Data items
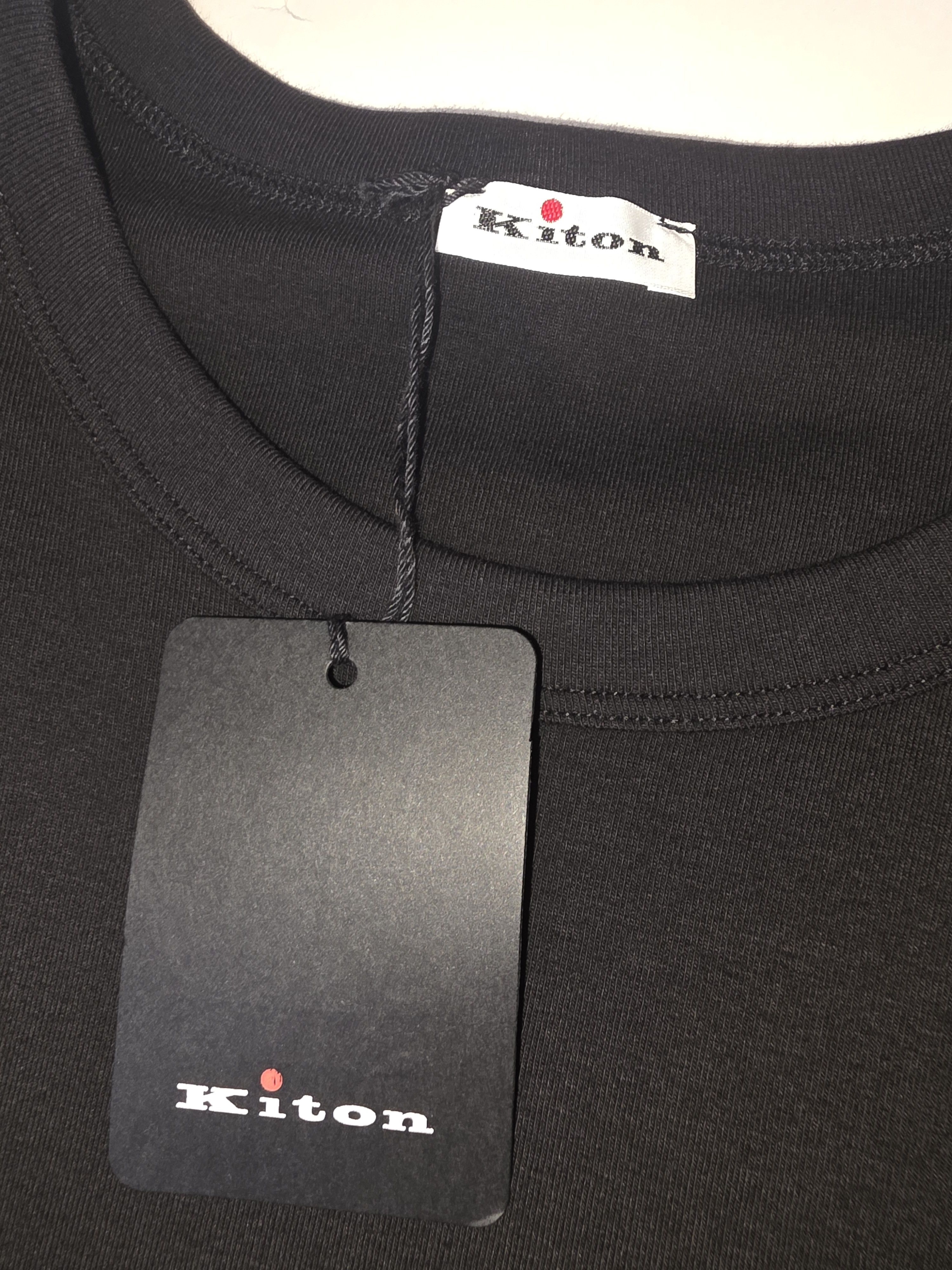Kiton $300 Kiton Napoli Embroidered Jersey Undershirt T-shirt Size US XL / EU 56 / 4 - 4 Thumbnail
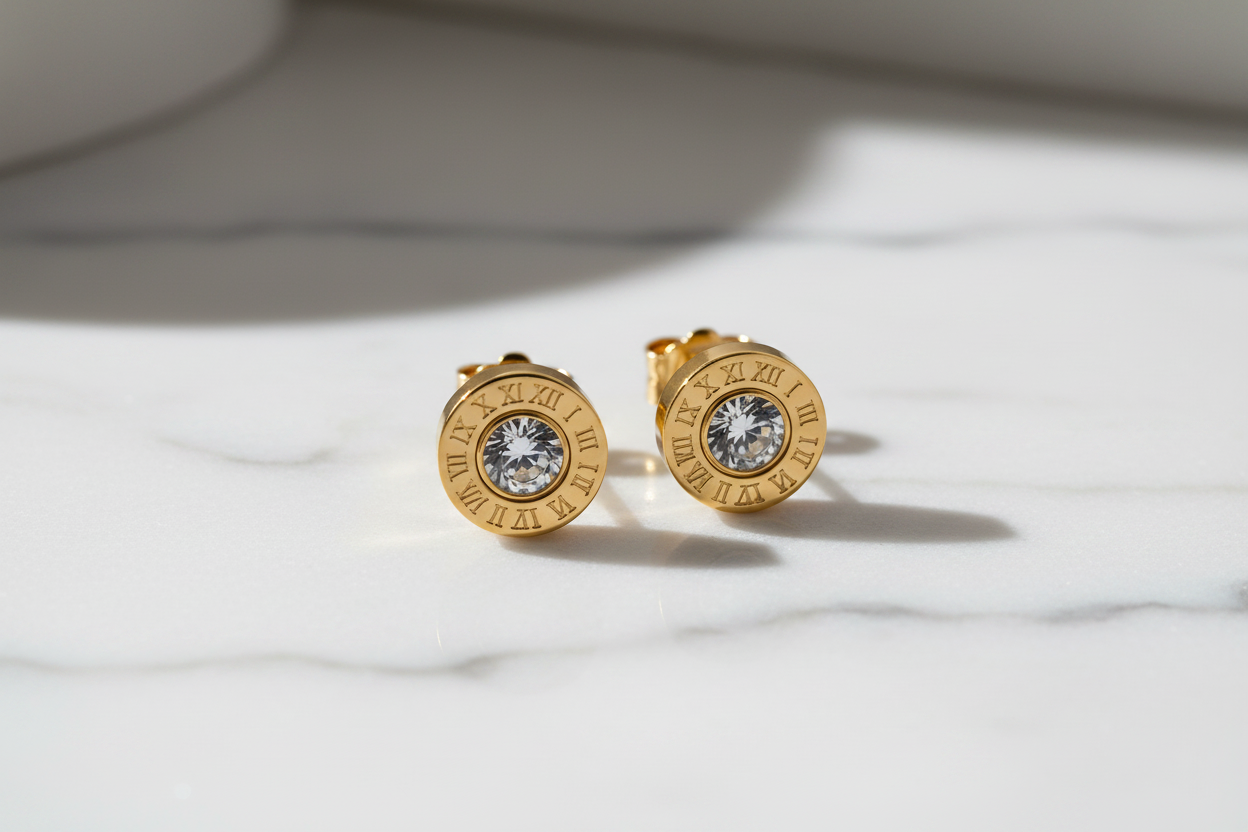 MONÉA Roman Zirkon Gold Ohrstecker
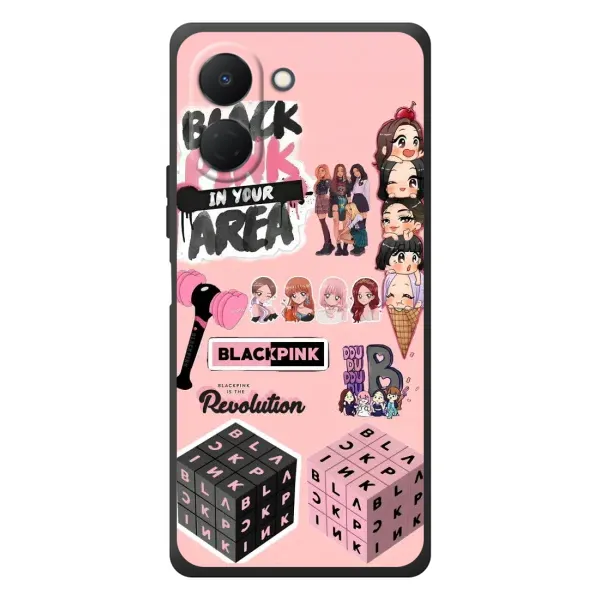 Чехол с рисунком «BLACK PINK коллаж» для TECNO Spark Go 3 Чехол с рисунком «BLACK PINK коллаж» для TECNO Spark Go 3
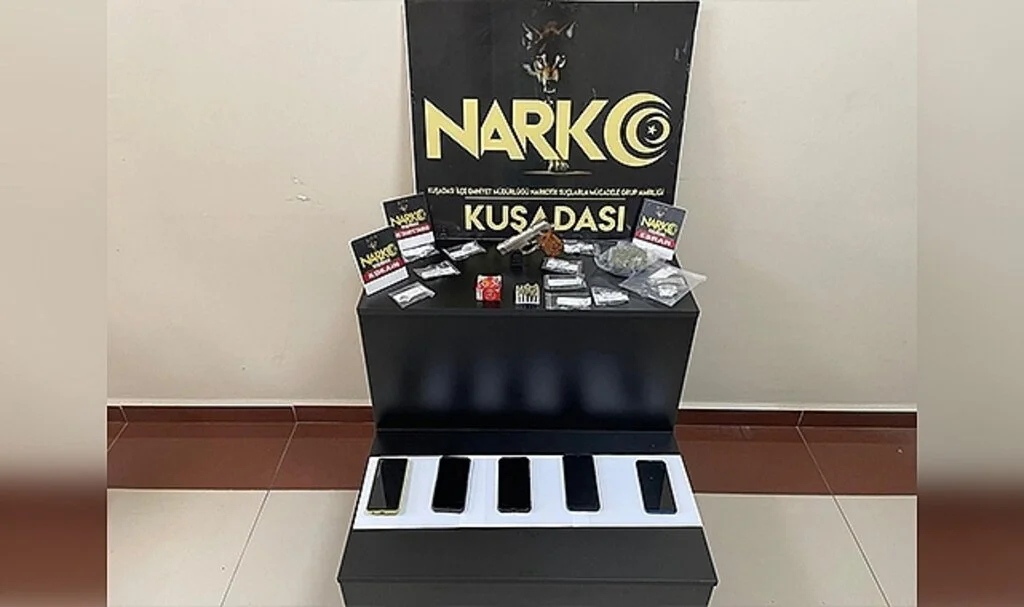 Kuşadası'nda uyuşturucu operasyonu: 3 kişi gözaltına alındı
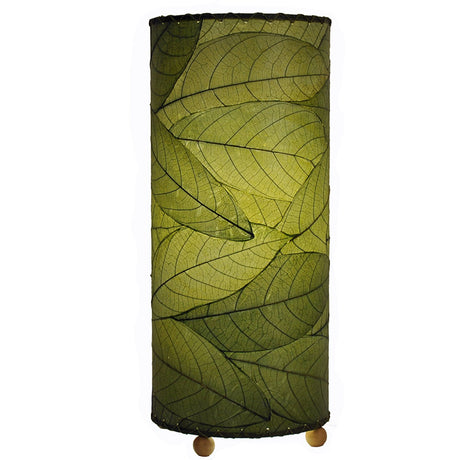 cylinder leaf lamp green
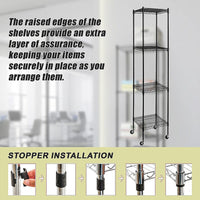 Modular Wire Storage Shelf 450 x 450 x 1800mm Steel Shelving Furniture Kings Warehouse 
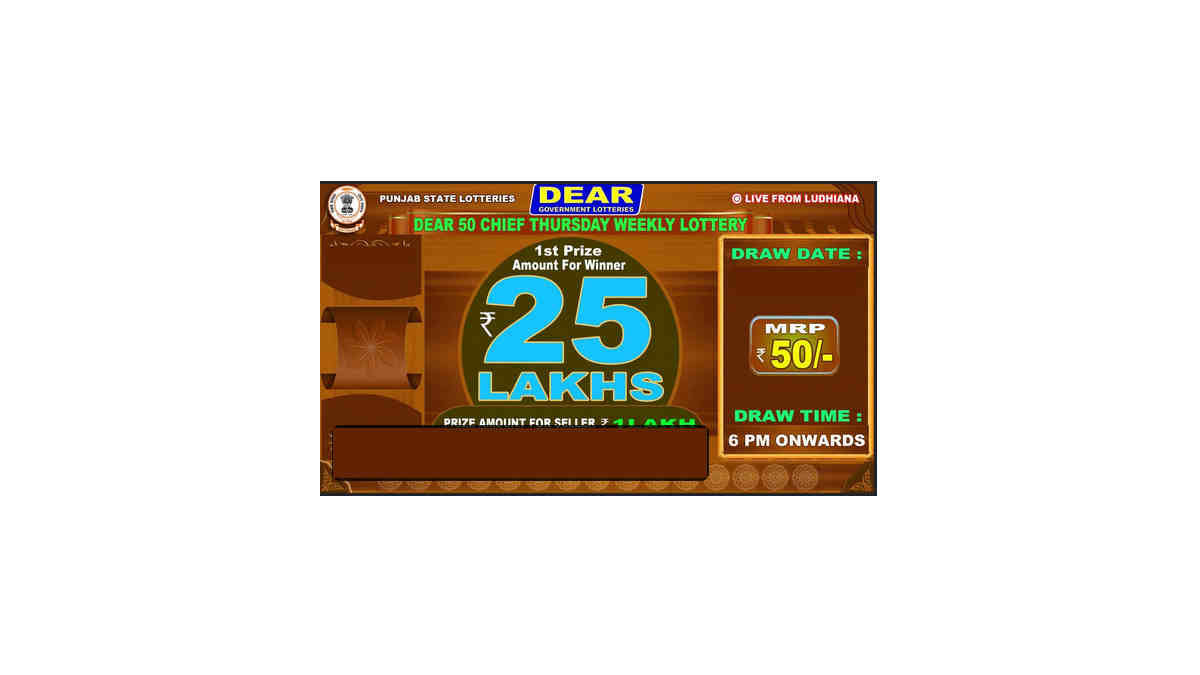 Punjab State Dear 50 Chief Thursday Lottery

Exercise instructions ::
Your answer should be a precise transcript of the entries, minus the pictures.

Result of this task ::
Kiton $300 Kiton Napoli Embroidered Jersey Undershirt T-shirt Size US XL / EU 56 / 4 - 4 Thumbnail
 MONÉA Roman Zirkon Gold Ohrstecker
 Чехол с рисунком «BLACK PINK коллаж» для TECNO Spark Go 3 Чехол с рисунком «BLACK PINK коллаж» для TECNO Spark Go 3
 Kuşadası'nda uyuşturucu operasyonu: 3 kişi gözaltına alındı
 cylinder leaf lamp green
 Modular Wire Storage Shelf 450 x 450 x 1800mm Steel Shelving Furniture Kings Warehouse 
 Punjab State Dear 50 Chief Thursday Lottery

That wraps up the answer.